**WORK ITEM**
In your transcription, keep every record exact and leave out the pictures.

**PROVIDED ENTRIES**
"""

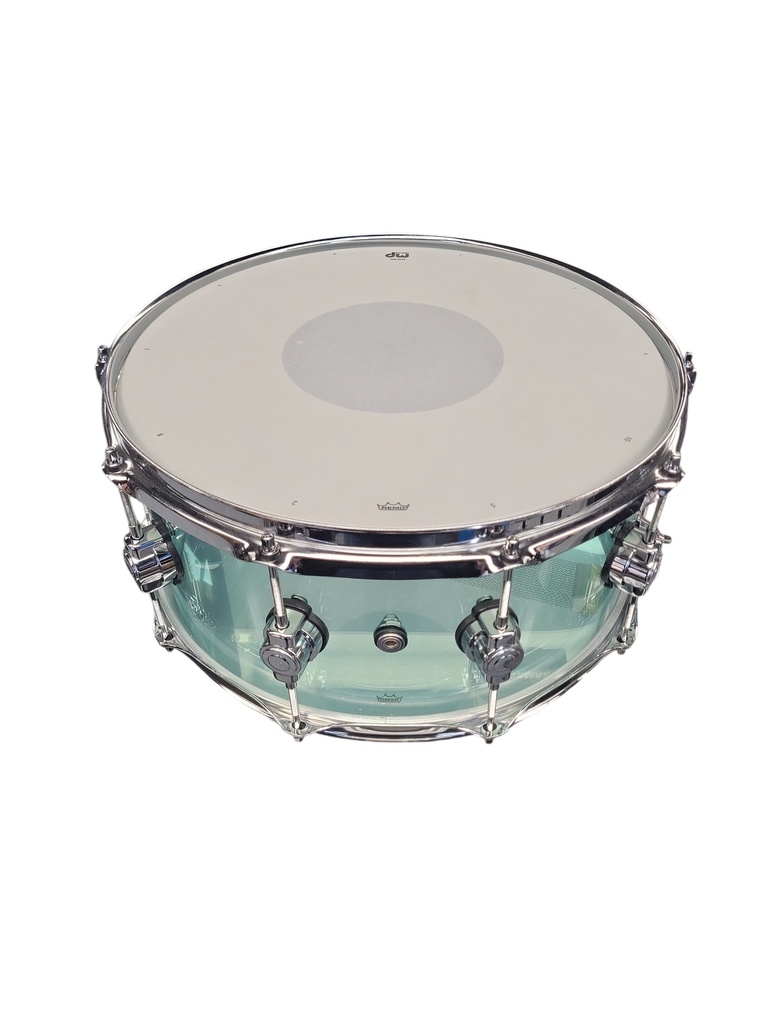 DW Design Series Acrylic Snare, Sea Glass, 14x6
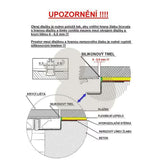 Nehrđajući kanaleta za tuš Anima 80 cm u sjajnoj krom izvedbi pro moderni tuš kabina.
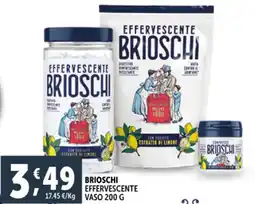 Deco Supermercati Brioschi effervescente vaso offerta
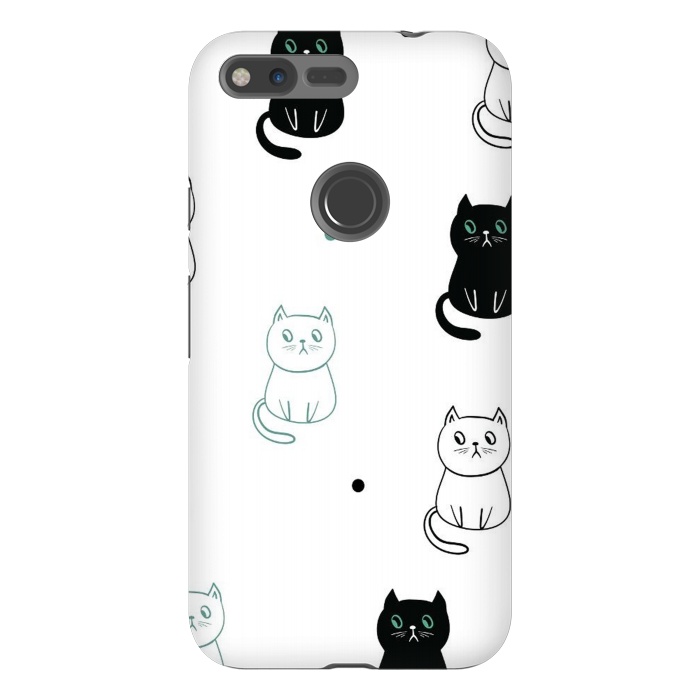 Pixel XL StrongFit minimal cats by haroulita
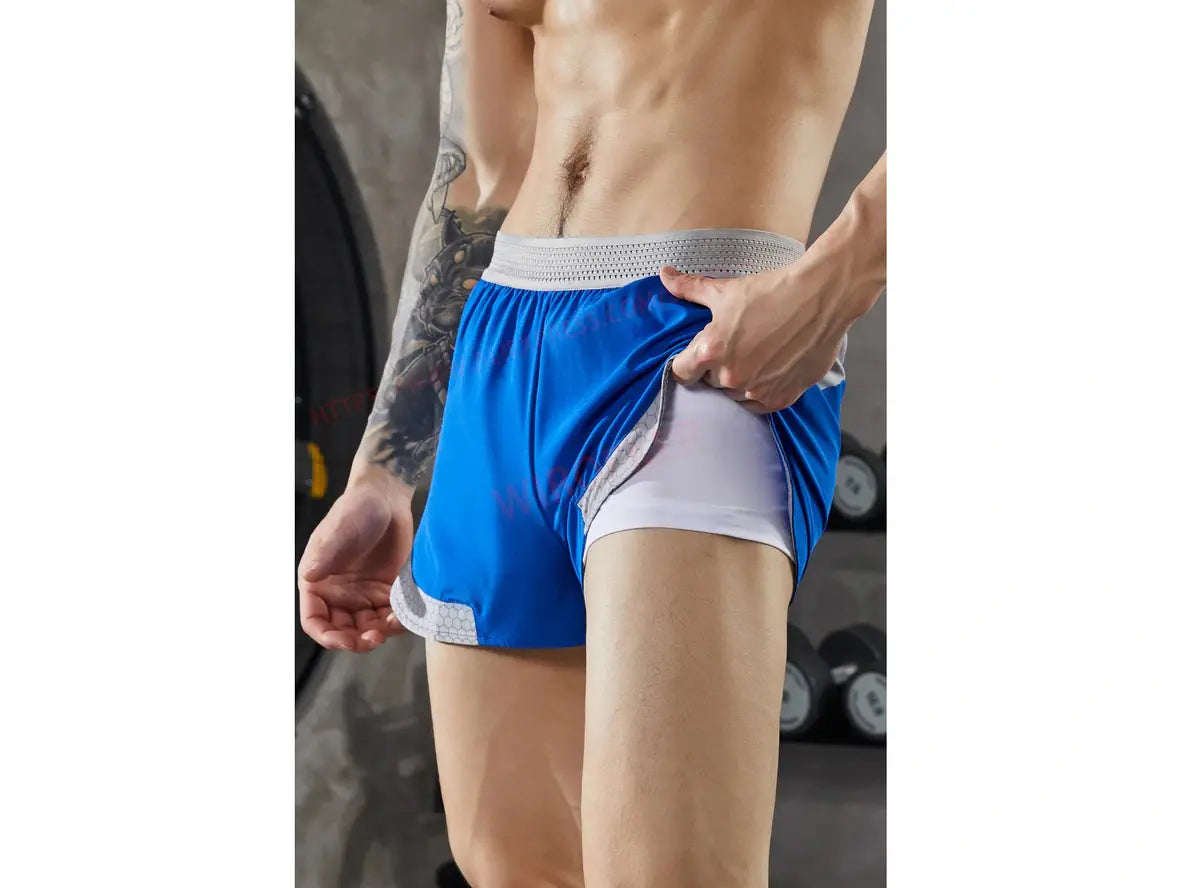 Gay Gym Shorts | Thin Quick Dry Run Fitness Shorts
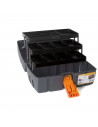Caja para herramientas de plástico con 3 bandejas, arcón especial para bricolaje con divisiones para guardar o almacenar utensil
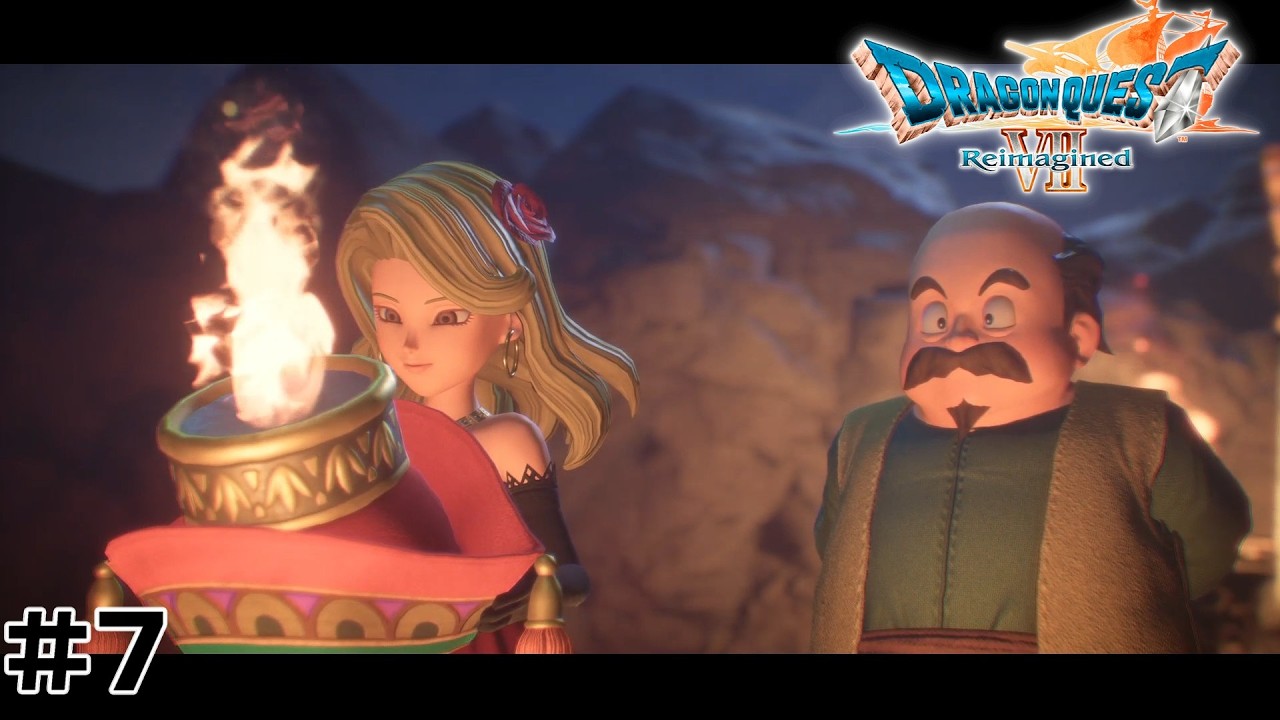 #７ 【DQVIIR】燃える孤島【ドラゴンクエストVII Reimagined】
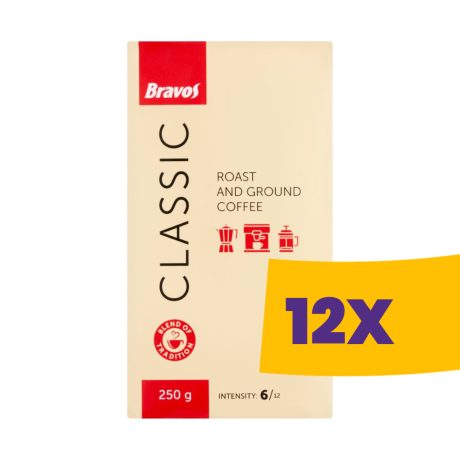 Bravos Classic őrölt kávé 250g (Karton - 12 db)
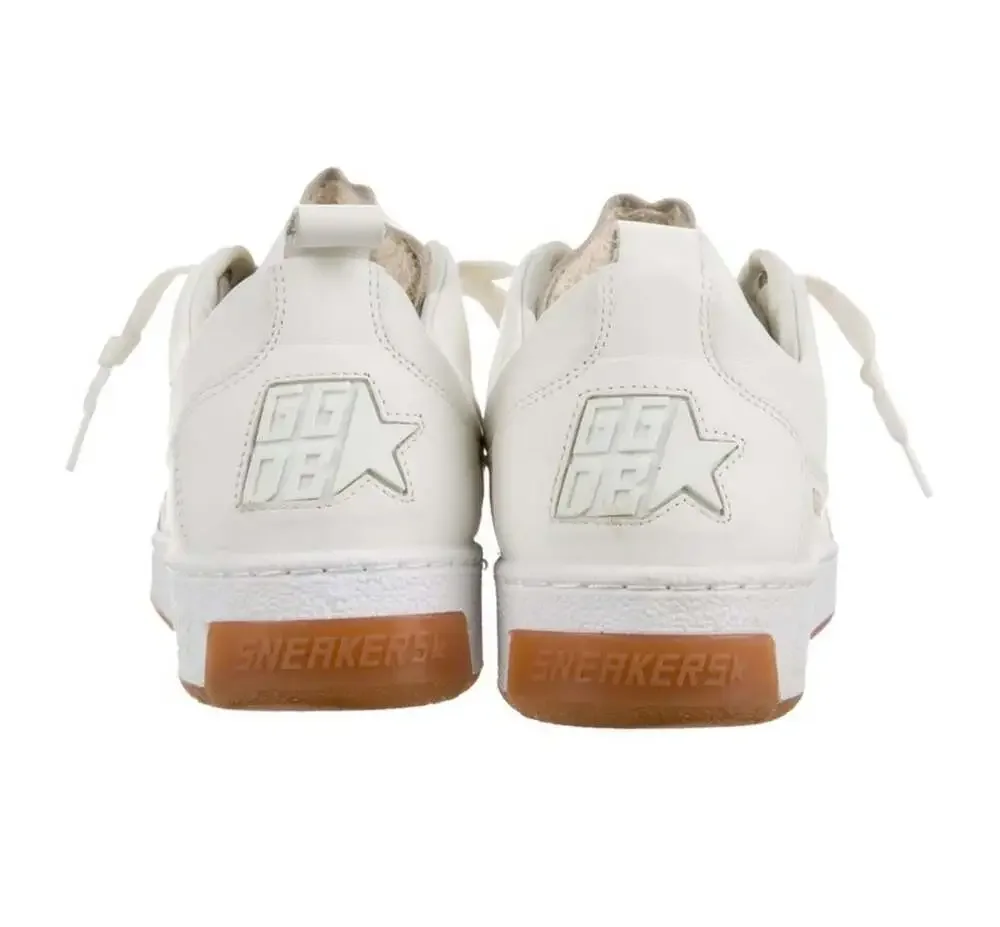 Golden Goose Yeah Low-Top White Leather Gum Sneakers - Picture 4 of 6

"""

**ANSWER AREA**
 DW Design Series Acrylic Snare, Sea Glass, 14x6
 Nehrđajući kanaleta za tuš Anima 80 cm u sjajnoj krom izvedbi pro moderni tuš kabina.
 Deco Supermercati Brioschi effervescente vaso offerta
 Pixel XL StrongFit minimal cats by haroulita
 Gay Gym Shorts | Thin Quick Dry Run Fitness Shorts
Caja para herramientas de plástico con 3 bandejas, arcón especial para bricolaje con divisiones para guardar o almacenar utensil
 #７ 【DQVIIR】燃える孤島【ドラゴンクエストVII Reimagined】
 Bravos Classic őrölt kávé 250g (Karton - 12 db)
 Golden Goose Yeah Low-Top White Leather Gum Sneakers - Picture 4 of 6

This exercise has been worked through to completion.